L’infinité des mondes dans l’hindouisme
Dans l’hindouisme, la réalité suprême est Brahman, lui-même composé d’une infinité de Brahma (le créateur de notre monde), soutenu par Vishnou puis détruit par Shiva qui relance un nouveau cycle. Dans le « cinquième véda » (les puranas), Vyasa décrit d’autres mondes, différents du notre.

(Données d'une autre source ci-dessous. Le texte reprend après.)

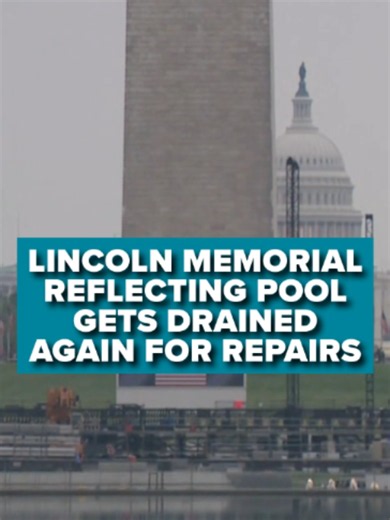 Crews have started draining the Lincoln Memorial Reflecting Pool for the second time in three months as the National Mall landmark undergoes another round of repairs following weeks of issues. Read more by clicking the link in our bio.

« La religion hindoue est la seule des grandes
religions consacrée à l'idée que le cosmos lui-même subit un immense, en fait
un nombre infini de morts et de renaissances. C’est la seule religion
dans laquelle les échelles de temps correspondent, par accident, à celles de la
cosmologie scientifique moderne. Ces cycles évoluent entre des durées
ordinaires jour-nuit à un cycle de Brahma 8,64 milliards d'années. Plus que l'âge de la terre
ou le soleil et près de la moitié du temps depuis le Big
Bang. »
Carl
Sagan
La multiplicité
des existences de Kapila
On attribue ces propos à Kapila: «Mon apparition dans ce monde a pour
but d’expliquer la philosophie de Sankhya, qui
est hautement estimé par ceux qui souhaitent se libérer des chaines
des désirs matériels inutiles. Ce chemin de l'auto-réalisation,
qui est difficile à comprendre, a maintenant été perdus dans la course du
temps. Comprenez que j'ai pris ce corps de Kapila pour présenter et expliquer
cette philosophie à nouveau à la société humaine. " (Srimad
Bhagavatam 3.24.36-37)
Démocrite avait adopté une attitude
contemplative étrange pour ces contemporains: « [Démocrite]
estimait que la vision fait obstacle à la pénétration de l’esprit, alors
que d’autres souvent ne voient même pas ce qui est sous leurs pas, lui
voyageait de par tout l’infini, sans se heurter à aucune limite » DK
A-XXII « Démocrite écoutait la voix des oiseaux,
et, maintes fois se levant la nuit seul il avait l’air
de chanter doucement des chants, d’autres fois il racontait qu’il
voyageait dans l’espace infini, où il y a d’innombrables Démocrite
semblables à lui » (pseudo-hippocrate, lettre
n°10).
Qu'est ce que Démocrite avait compris ?
L'explication ici: l'Eternité des Essences et la Mutiplicité de l'Existence
Le recueil Diels-Kranz, l'ouvrage de référence sur les présocratiques,
ne mentionne pas l'intégralité des fragments et tronque la partie
essentielle à la compréhension des idées de Démocrite sur ce sujet,
probablement trop choquante pour l'esprit de ces compilateurs:
"Vous affirmez
que, suivant Démocrite, il y a des mondes sans nombre et qu’il y en a
même qui sont non seulement semblables entre eux mais si parfaitement
pareils à tous égards qu’il n’y a entre eux aucune différence et de
même pour les hommes. Puis vous demandez que, si un monde ressemble à
un autre monde au point qu’il n’y ait entre eux nulle différence, on
vous accorde qu’il se rencontre aussi, dans ce monde que nous habitons,
des choses tellement semblables qu’il n’y ait entre elles aucune
différence, aucune distinction possible. Car, ajoutez-vous, puisque ces
atomes dont tout provient selon Démocrite, ont pu former et ont
réellement formé dans d’autres mondes supposés innombrables
d’innombrables Q. Lutatius Catulus, pourquoi n’y aurait-il pas dans ce
monde-ci qui est si grand un second Lutatius Catulus ?" "Te
représentes-tu le petit groupe que nous formons, nous qui sommes à
Baules en vue de Pouzzoles, se répétant à l’infini dans des endroits
tout pareils, composé d’hommes portant le même nom, ayant rempli les
mêmes charges, accompli les mêmes actes, identiques à nous par
l’esprit, l’apparence extérieure, l’âge et l’objet de leur entretien ?"
Cicéron, premiers académiques, XVII et XL.